For one thing, I don’t think my Dread scenario was designed effectively. I’m thinking about my recent post on balance in stories–the etude for writers #2–and somehow it seems pertinent: balance seems to have been what didn’t quite sit right in terms of the flow of the story in our Dread game. Specifically, I’d envisioned a balance of dialog and action, with comedy dominating in the begin but horror outpacing it as the story went on.
However, a GM doesn’t “run” the game, even when he is running it; I think the mood of the group was strongly slanted towards comedy. It was a tough crowd for horror, I think, and that kept the balance swerving towards the comedic element despite my best efforts to ramp that side of it up. I think basically, I was at cross purposes with the group, as they were more interested in (and comfortable with) a comedic game where the horror got played for camp, where what I’d originally had in mind was something where the comedy at the beginning sort of dovetailed into horrific nastiness at the end.
One reason I had that in mind is because the Dread mechanic is emotionally mimetic: it’s explicitly built to resolve actions in a way that also builds tension in the players, and a sense of anxiety and fear that is connected to the task of pulling a block from the Jenga Tower. In our game, one player’s first pull, within five minutes of the start of the game, knocked the tower down… (I’m not sure why, and we haven’t discussed it, so I won’t theorize about it here, except to say he wasn’t all that concerned about making a successful pull at that point.) Whatever the reason behind that, the ultimate result was that the Tower toppled way too soon, which in a Dread game tends to cripple the development of that particular kind of anxiety upon which the whole mechanic depends.
But at the same time, I don’t think the early topple is the only reason for this. I also think that the Dread mechanic just doesn’t work well for a horror-comedy scenario, or at least, the scenario has to be designed for that kind of a game narrative. This group is one I’ve never played with in total–there are two new people and some of the people we played with in Korea aren’t here–so that was impossible to anticipate the group vibe.

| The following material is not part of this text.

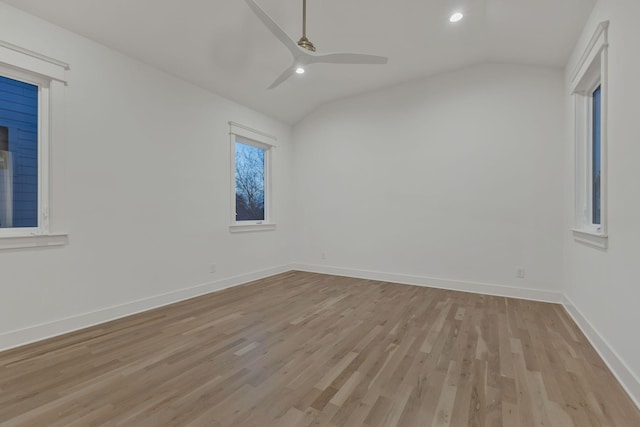 unfurnished room featuring a ceiling fan, recessed lighting, baseboards, light wood finished floors, and vaulted ceiling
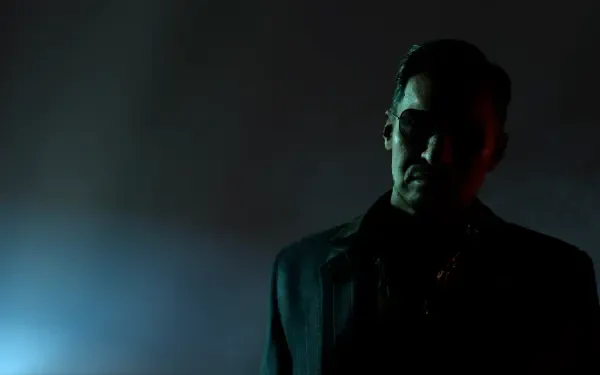 4K Ultra HD PC desktop wallpaper and background: a shadowed yakuza from Like a Dragon Gaiden — The Man Who Erased His Name, high-contrast lighting with drifting smoke framing his silhouette.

Knowing what I know now, I think if we’re going to go for a comedic/horror campy approach, it’d be better to find other common ground: for example, a Buffyverse playset for Fiasco, focusing on The Trio-type geek/loser type characters trying to pull off some kind of evil magical/technological scam in Sunnydale sometime during Buffy’s high school or college years there.
(And I think then the Tower mechanic might need to be modded for a comedy-horror vibe; it might need to involve more of an off-the-cuff, pull and see what happens approach. Maybe it’d need to be softened so that a toppling Tower doesn’t mean the removal of the character from the game, but instead some horrible, amusing fate that feeds into the comic/horror vibe.)
Another comment–from one of the players–was that more of the horror of the story ought to have come from the characters themselves, and that of course is part of the point with the questionnaires… but that depends on the players. I tried to give them opportunities to interact using that stuff, but not much of it came up… which isn’t totally surprising: a fair number of people in the group are not experienced roleplayers, so while they could stay in character, they weren’t really used to looking for spots where they could bring character flaws into play. This is a skill one learns by playing, I think… but it probably helps to have the lights on bright enough for people to be able to see their character sheets.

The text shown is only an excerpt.